Environmental data on some factors known to influence assessed habitat distribution and persistence were either unavailable or unsuitable for the current assessment. For example, horse mussel beds are known to be impacted by burial events (Hutchison and others, 2016), however there is currently no UK-wide layer available for sedimentation rates. For eelgrass beds, UK-wide nutrient data (in particular, phosphate and nitrate) incorporating the dynamic variabilities in concentrations would be a valuable addition to the HSM. Future work to assess the availability and applicability of data on environmental variables that influence habitat distribution would assist in improving model accuracy.
The HSMs presented in this assessment do not account for the impacts of climate change on predicted habitat suitability. Although temperature at the seafloor is included as an environmental predictor variable in both HSMs, future HSMs could incorporate environmental variables directly linked to climate change to improve their predictive power. Eelgrass, for example, is sensitive to elevated temperatures (Shields, Moore and Parrish, 2018; Scalpone and others, 2020; Sawall, Ito and Pansch, 2021), sedimentation (Mills and Fonseca, 2003), light stress (Wong, Vercaemer, and Griffiths, 2021), and storm events (d’Avack and others, 2022), all of which are likely to increase in frequency due to climate change. The inclusion of environmental predictor variable layers related to climate change pressures may ensure that impacts that have already occurred as a result of changing climate are incorporated into the prediction of suitable habitat for both horse mussel reefs and eelgrass beds, improving the predictive power of the models.
Temporal resolution
Historical presence and pseudo-absence records were used in the production of HSMs for both horse mussel reefs and eelgrass beds to maximise the available data to feed into the models. Since the predictor variables (environmental data) were sourced from the most recent and up to date data sources, the environmental data assigned to historical presence or pseudo-absence records may not be representative of the environmental conditions at the time of sampling. This is of particular importance when considering the effects of climate change and anthropogenic activities. This may affect the range of environmental conditions ultimately used for predicting areas of suitable habitat for horse mussel reefs and eelgrass beds, resulting in a shift in distribution of most suitable predicted habitat. Further iterations of the HSMs could consider only using temporally aligned biological and environmental variables, although this would drastically reduce the available biological records unless more extensive surveying efforts were undertaken.
Spatial resolution
The production of HSMs for predicted suitable habitat for horse mussel reefs and eelgrass beds used biological and environmental variables at different spatial resolutions. Biological data was available as point records, whereas environmental data layers were resampled to a 300 m by 300 m grid from their original resolution (Table 1). As a result, the environmental conditions assigned to presence and pseudo-absence records may not be representative of the conditions where the sample was taken. In future, finer resolution environmental layers may be sourced to reduce the disparity in spatial resolution, however the inclusion of such layers may be limited by computer processing power. The use of a higher resolution environmental raster for a specific case study area with intricate coastlines such as the Hebrides or Orkney, if available, may provide useful information on the effect of this type of variability on the HSM output.
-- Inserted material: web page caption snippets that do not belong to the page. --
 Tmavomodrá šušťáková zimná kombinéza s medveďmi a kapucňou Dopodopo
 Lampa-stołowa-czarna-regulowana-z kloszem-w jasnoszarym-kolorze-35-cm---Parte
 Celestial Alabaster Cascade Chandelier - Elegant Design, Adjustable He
Additionally, detail on the fine-scale resolution, and therefore distribution, of presence and pseudo-absence records was reduced when the location of points was aggregated up to the 300 m by 300 m grid cell. Presence and pseudo-absence data were further simplified by calculating the proportion of presence to weighted pseudo-absence records per grid cell, thereby categorising the whole cell by one occurrence type. In future, finer resolution grid cells obtained from the environmental variables may mitigate the reduction in resolution of the biological sample points, though this may be restricted by computer processing power.
Connectivity dynamics
The current HSMs do not capture the dynamics of sources and sinks, in terms of patterns of larval dispersal and genetic connectivity for horse mussels and propagule dispersal for eelgrass. Although the HSMs predict areas of potentially suitable habitat in terms of environment conditions, a population may not be able to persist in that location if connectivity and self-recruitment are limited.
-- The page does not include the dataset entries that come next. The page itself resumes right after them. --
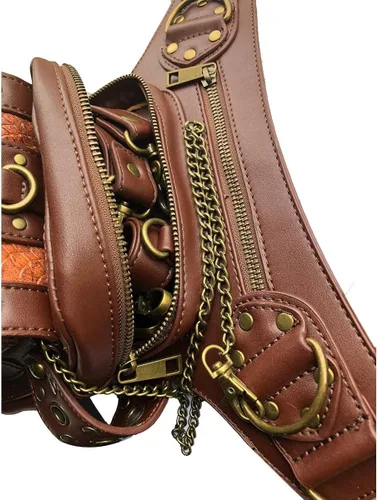 Miniatura 5 de Rebajas Cyber Monday Ofertas Venta Steampunk Riñonera Bolso para cintura Moda Gótico Hombro Bandolera Bandolera Muslo Pierna Capucha Bolsa de Viaje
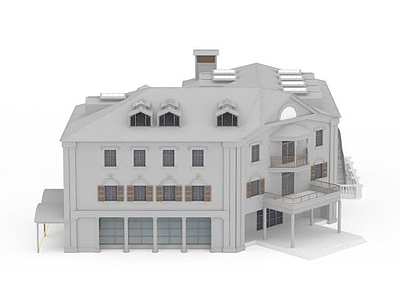 3d欧式别墅免费模型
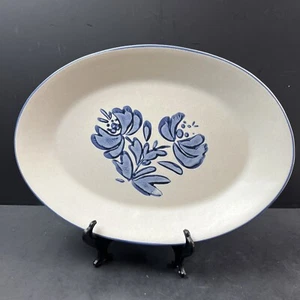 Pfaltzgraff Yorktowne Stoneware Serving Platter #16 ~ Blue Floral ~ USA 14"×10" - Picture 1 of 5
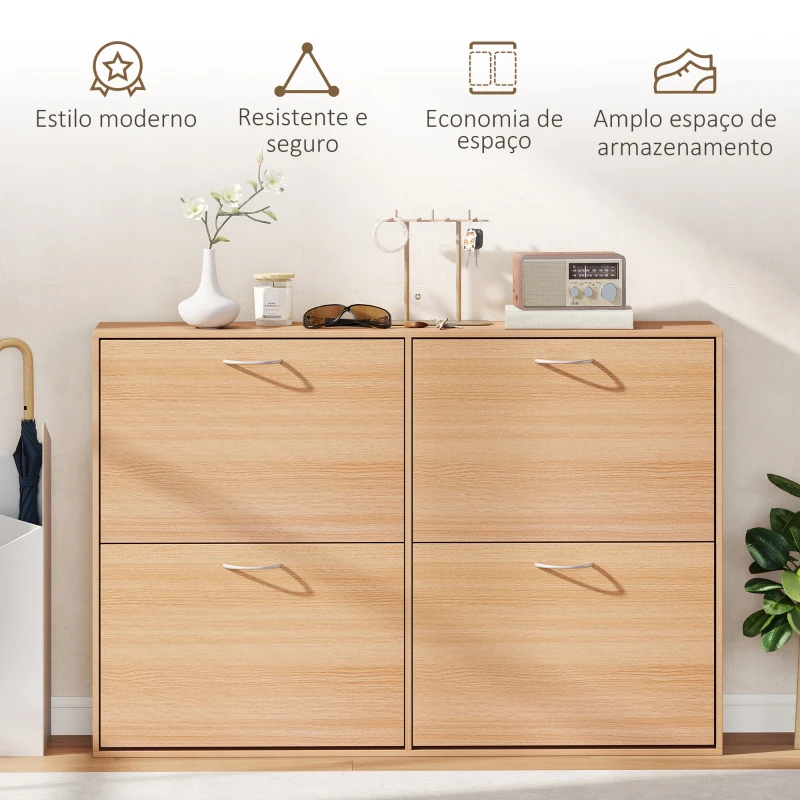 HOMCOM Sapateira Moderna com 4 Gavetas Abatíveis e Prateleiras Ajustáveis para 16-24 Pares de Sapatos 120x24x81 cm Madeira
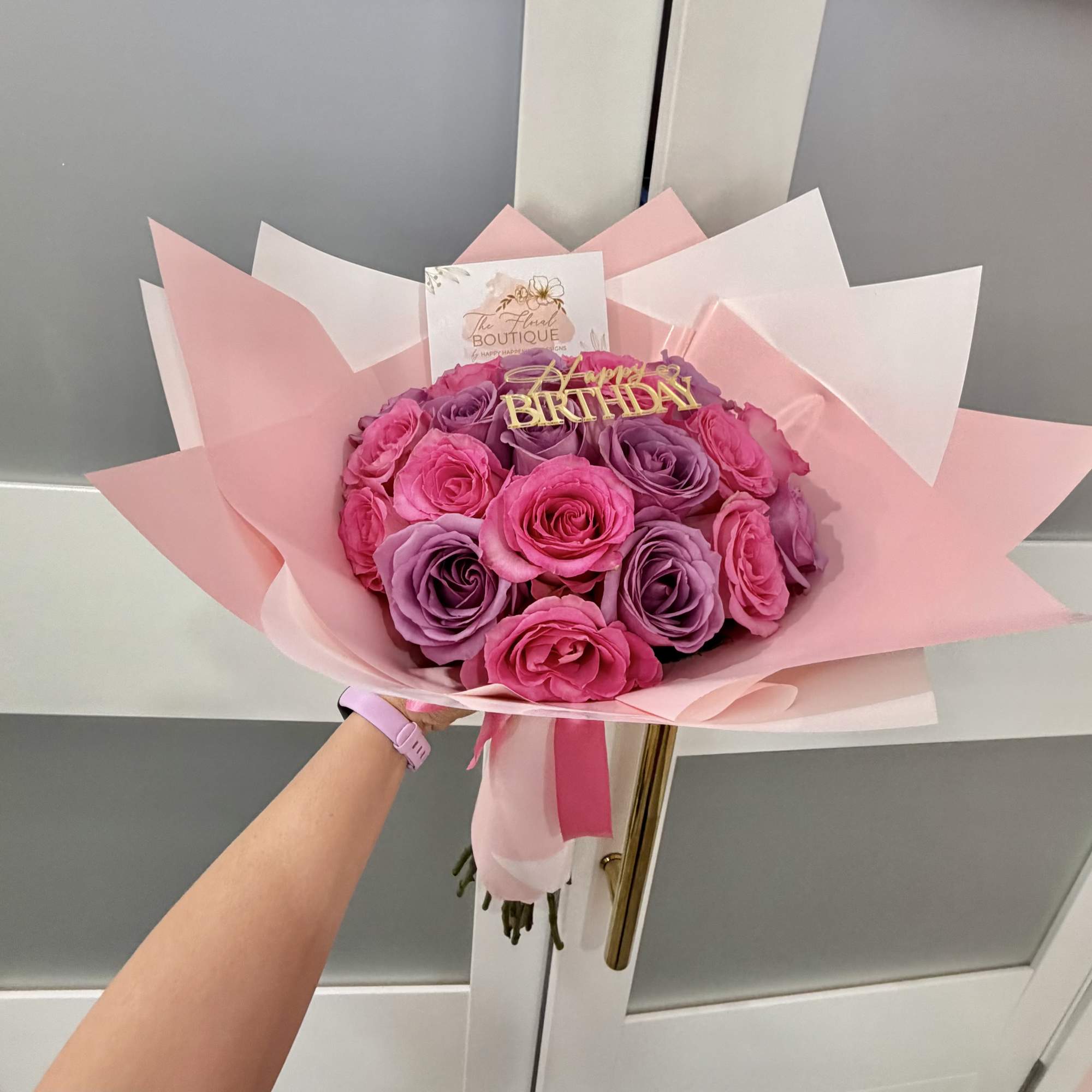 A dreamy and elegant bouquet featuring a luxurious mix of lavender and, photo 2 of 2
In simulations of horse mussel larval dispersal, Gormley and others (2015) identified that connectivity between populations of horse mussel in Northern Ireland and those in North Pen Llŷn or Isle of Man is unlikely; however, extant connectivity between populations in the Irish Sea was identified. Certainly, population dynamics need to be examined on a location-by-location basis. Model simulations show that the west coast of Scotland populations are larval sources for Orkney horse mussel beds, but within the Orkney populations there is a weak connection and self-recruitment prevails; the Shetland populations, instead, are well connected to each other (Millar and others, 2019).
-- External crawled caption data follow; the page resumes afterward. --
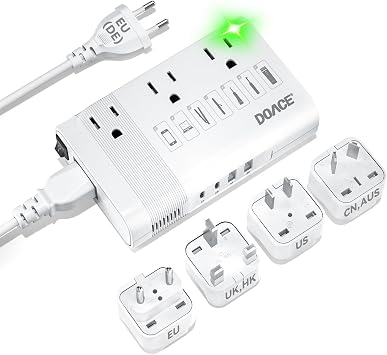 DOACE 350W Voltage Converter US to Europe for Hair Straightener Curling Iron CPAP –220V to 110V Converter for European Travel, 7 in 1 Power Converter Adapter Combo with 3 AC & 2 PD & 2 USB Chargers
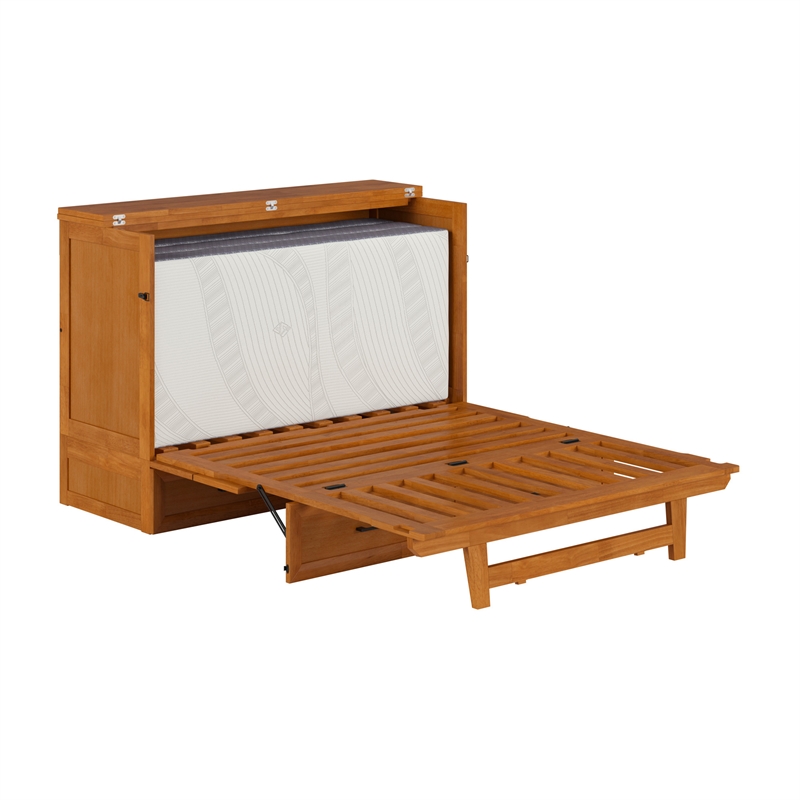 Tucson Full Wood Murphy Bed Chest with Mattress Drawer & Charger in Toffee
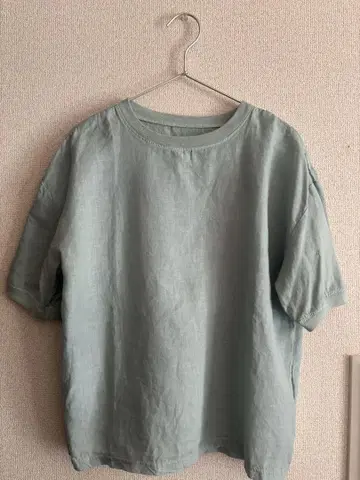 나카가와 마사시치 상점 린넨 티셔츠 청자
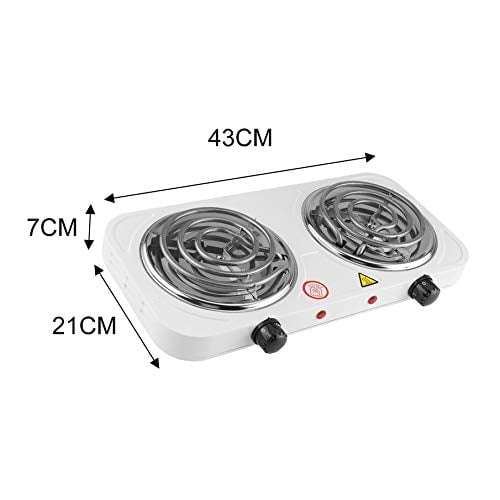 Casey Koala Electric 2 Hot Plate Spiral Stove Colour: White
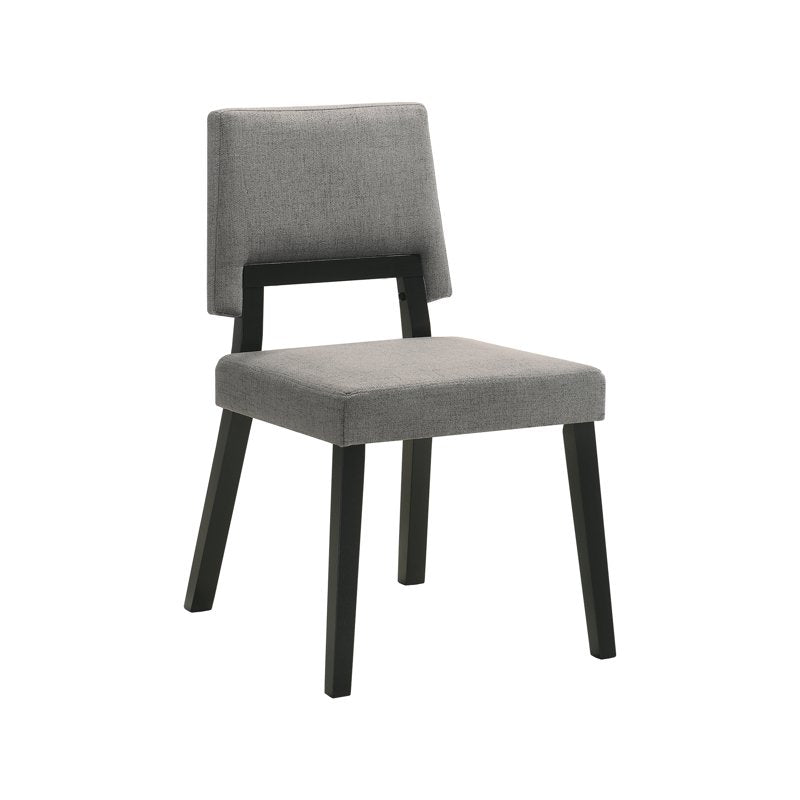 Wood Dining Chair Set of 2 - Black Finish with Charcoal Fabric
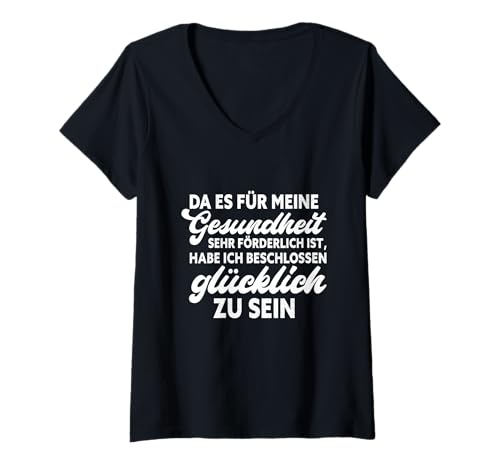 Damen Glücklich Sein Positiv Gute Laune Heiterkeit Optimist T-Shirt mit V-Ausschnitt Damen Glücklich Sein Positiv Gute Laune Heiterkeit Optimist T-Shirt mit V-Ausschnitt von Lustige Sprüche Lebensweisheit Inspiration Design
Homogenous distribution of area potentially suitable for habitat
The HSMs used in this assessment provide the probability of predicted habitat suitable for either horse mussel reefs or eelgrass beds. The methodology used to calculate the area of predicted suitable habitat in this assessment multiplies the area of each grid cell by the probability. As such, the area of suitable habitat calculated per cell is assumed to have a homogenous spread across the extent of the cell, whether the habitat area calculated is 90,000 m2 or 90 m2. The effect of this distribution is particularly important during the intersection of activity data with the HSM, where intersected polygons will also be assumed to have homogenous distribution of predicted habitat, which is unlikely. Therefore, within this assessment, fine-scale (at resolutions greater than 300 m) calculation of potential physical loss (PPL) is not possible.
Incorporation of ground-truth habitat maps
The data paucity in relation to the distribution and extent of horse mussel reefs and eelgrass beds necessitates the use of HSMs for assessment with the PPL indicator. To refine the models, where available, the observed distributions (mapping of realised habitat) could be incorporated to improve the PPL indicator assessment. The creation of this combined habitat map could be achieved in a similar way to the EUNIS Combined Map (Matear, Pinder, and Lillis, 2019), which uses habitat maps collected from survey, supplemented by modelled broad-scale habitat data in locations where habitat maps derived from survey are unavailable. The assessed habitats may be designated features of Marine Protected Areas (MPAs) in the UK MPA network, and further survey work within these sites would help to supplement this effort.
Spatial blocking
Due to the nature of surveying, habitat occurrence records were often in proximity to each other, and possibly autocorrelated. The model may therefore perform well in cells near sample data, but poorer in cells further away. The implementation of spatial blocking to address spatial autocorrelation may improve the predictive accuracy of the HSM and is considered best practice when partitioning data because it improves the spatial independence of the training and test data (Valavi and others, 2019). The use of spatial blocking may help to improve the predictive performance of the HSMs used in this assessment leading to more accurate predictions of habitat presence and PPL.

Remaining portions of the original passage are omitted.